At first glance, Bouché Straße seems almost identical to any other street in the sleepy residential area on the border of the Treptow and Neukölln neighbourhoods. The parade of five-story apartment blocks is interrupted briefly by a boxy, bright yellow Edeka supermarket that squats in a nondescript parking lot. Tall trees line the street on both sides.
Aside from the occasional jangle of shopping carts and muffled laughter coming from the corner shop, it is very still. But there is something a little strange about this seemingly unremarkable street; it feels somehow unbalanced. The trees on the eastern side of the street are skinny and young and the streetlights ungainly and imposing. On the opposite side, the trees are gnarled, thick and mature, and the sidewalks are lined with stately gas lamps.
The houses, too, seem ever so slightly out of sync: the apartment blocks facing west have been painted a frenzy of pastels — blue, yellow and orange — while those facing east are an assortment of faded brown tones. A cursory glance at the brick trail running through the asphalt reveals that these tiny discrepancies are not coincidental. They are, in fact, the only remaining traces of the street’s prior division by the Berlin Wall.
From 1961 to 1989, for the two-block stretch between Heidelberger Straße and Harzer Straße, the wall cut right through the middle of Bouché Straße.

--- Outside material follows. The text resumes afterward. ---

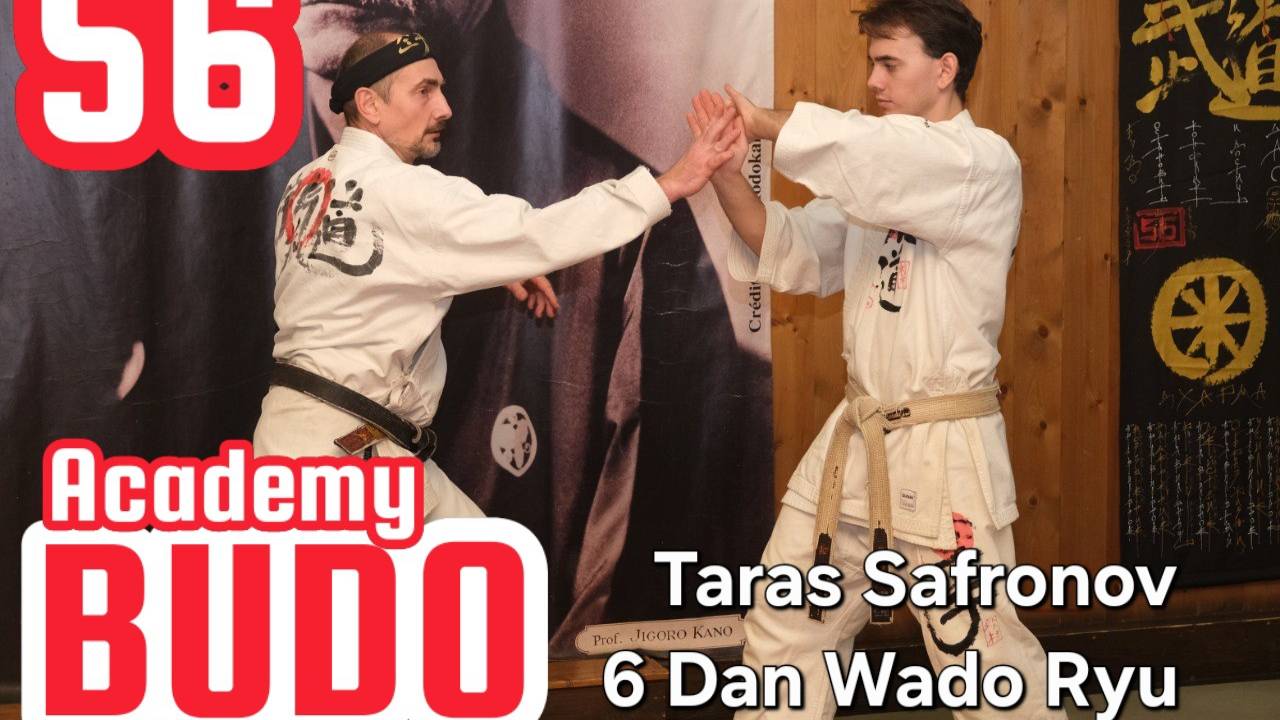 BUDO ACADEMY 56 SAFRONOV TARAS  6 DAN WADO RYU⁫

Almost overnight, this sleepy, tree-lined street became the so-called “death strip” — and residents on both sides literally had the wall on their doorsteps.

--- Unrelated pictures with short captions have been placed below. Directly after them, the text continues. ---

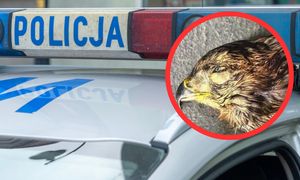 Zjawiły się na komendzie z głową jastrzębia. Jest zarzut dla 62-latka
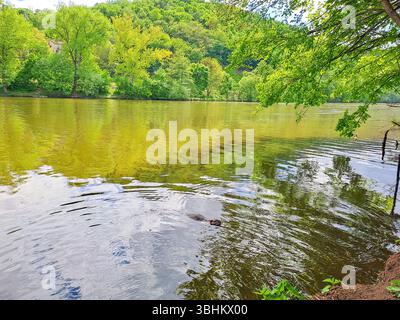 Nutria dans un étang, Nutria nageant dans la rivière de printemps Berunka près de Karlstejn, République tchèque. Photo de haute qualité Banque D'Images
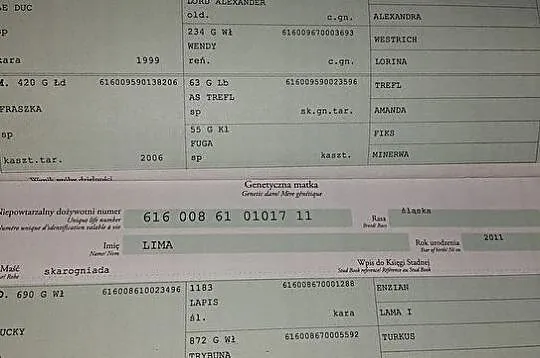 Wałach tarantowaty, ,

While it remained an abstract, political symbol to many Berliners, for those who were confronted daily by its physical apparatus — ninety-six miles of concrete slabs, mesh wire fencing and barbed wire — the wall had a very different meaning. And no one knew the intricacies of the wall’s architecture better than the Neumanns, whose front door stood a mere five feet from the Hinterlandmauer (the eastern side of the wall), for almost thirty years.

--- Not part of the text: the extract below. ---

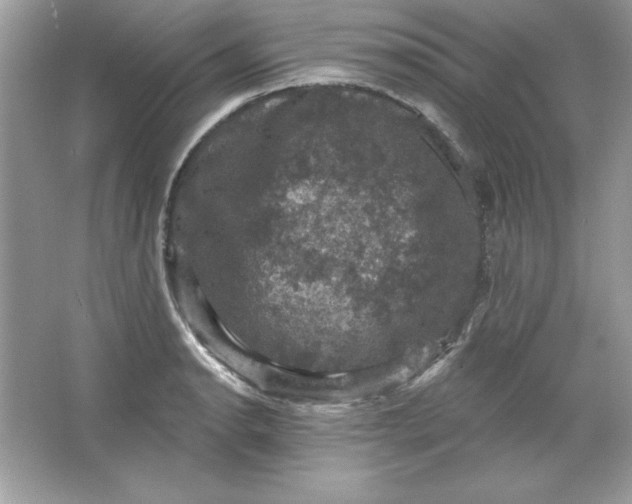 X0000066011134200603171459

When they first moved into their apartment on Bouché Straße in the Spring of 1961, the Neumanns were no strangers to claustrophobic living conditions. They had spent the last three years stuck in a cramped apartment in Adlershof with Frau Neumann’s family, desperately waiting for their Wohnungszuweisung (apartment allocation), which, due to the apartment shortage in East Berlin at the time, took a very long time.
After Herr Neumann (born in 1934) finished his studies to be a camera technician, the Neumanns were married in 1958, though since he had studied at an institution in West Berlin, he struggled to find a job in the Soviet sector.
The apartment block the Neumanns would move into was an Arbeiter-Wohnungsbau-Genossenschaft (AWG) — a housing collective for employees of various firms — that required every resident to contribute a certain amount of hours to the building of the apartment block. After months of long construction shifts, the Neumanns were overjoyed when they finally moved into their brand new, tiny apartment that they had helped build. Sure, the walls were slightly crooked, and, if you looked closely, the angles were a bit off — but they finally had a place to call their own.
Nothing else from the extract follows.